Il faut, dit notre auteur, choisir un lieu agréable pour le logement des vers à soie, et avoir soin que ce logement soit un peu élevé, sur un terrain sec et dans le voisinage d’un ruisseau ; car comme il est nécessaire de baigner et de laver plusieurs fois les œufs, l’eau vive est celle qui convient davantage. Le quartier où l’on bâtira ce logement, doit être retiré, et surtout éloigné des fumiers, des égouts, des troupeaux, et de tout fracas. La mauvaise odeur, et les moindres surprises de frayeur, font d’étranges impressions sur une engeance si délicate : l’aboiement même des chiens, et le cri perçant du coq, sont capables de les déranger, quand ils sont nouvellement éclos.

On bâtira donc une chambre carrée, qui peut avoir d’autres usages hors de la saison des vers à soie. Comme l’air y doit être chaud, on aura soin que les murailles soient bien conditionnées. L’entrée sera tournée au midi, du moins au sud-est, et jamais au nord. Il y aura quatre fenêtres, une à chaque côté de la chambre, pour admettre l’air de dehors selon le besoin, et lui donner un libre passage : ces fenêtres qu’on tient presque toujours fermées, seront d’un papier blanc, et transparent, parce qu’il y a des heures où la clarté est nécessaire, et d’autres où il faut de l’obscurité : c’est pourquoi il est à propos qu’il y ait des nattes mobiles derrière les châssis.

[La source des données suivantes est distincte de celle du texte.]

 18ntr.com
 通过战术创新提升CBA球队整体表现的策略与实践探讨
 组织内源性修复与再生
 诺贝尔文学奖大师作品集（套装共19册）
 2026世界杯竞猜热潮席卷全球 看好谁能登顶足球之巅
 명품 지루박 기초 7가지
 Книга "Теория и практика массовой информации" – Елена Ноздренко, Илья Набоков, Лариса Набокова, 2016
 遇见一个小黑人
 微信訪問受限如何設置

Ces nattes serviront encore à défendre le lieu des vents contraires, tels que sont les vents du sud et de sud-ouest, qui n’y doivent jamais pénétrer : et comme on a besoin quelquefois d’un zéphir rafraîchissant, et que pour cela il est nécessaire d’ouvrir une des fenêtres, si c’était dans un temps où l’air fut rempli de moucherons et de cousins, ce serait autant de vers perdus ; s’ils se jettent sur les coques de soie, ils y causent des tares, qui rendent la soie d’une difficulté extrême à dévider : le mieux, et ce qui se pratique ordinairement, c’est de hâter l’ouvrage avant la saison des moucherons. On ne doit pas être moins soigneux à défendre l’entrée de la chambre aux petits lézards, et aux rats, qui sont friands des vers à soie, et pour cela il faut se pourvoir de chats actifs et vigilants.

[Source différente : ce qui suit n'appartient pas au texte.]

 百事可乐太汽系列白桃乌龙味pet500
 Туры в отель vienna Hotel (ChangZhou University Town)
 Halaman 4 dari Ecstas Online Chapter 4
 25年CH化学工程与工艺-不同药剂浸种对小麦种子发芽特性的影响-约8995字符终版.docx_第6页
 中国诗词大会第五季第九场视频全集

Il est important, comme on le verra dans la suite, que les œufs s’éclosent en même temps, et que les vers dorment, se réveillent, mangent, et muent tous ensemble ; et pour cela il faut que dans leur logement il règne une chaleur toujours égale et constante. Le moyen que notre auteur suggère pour l’y conserver, c’est de bâtir aux quatre angles de la chambre, quatre espèces de petits poêles, c’est-à-dire, des creux maçonnés chacun de tous les côtés, où l’on allume du feu ; ou bien d’avoir un bon brasier portatif qu’on promènera dans la chambre, et qu’on retirera, lorsqu’on le jugera à propos. Mais ce brasier doit être allumé au dehors de la chambre, et enseveli sous un tas de cendres ; car une flamme rouge, ou bleuâtre, nuit beaucoup aux vers.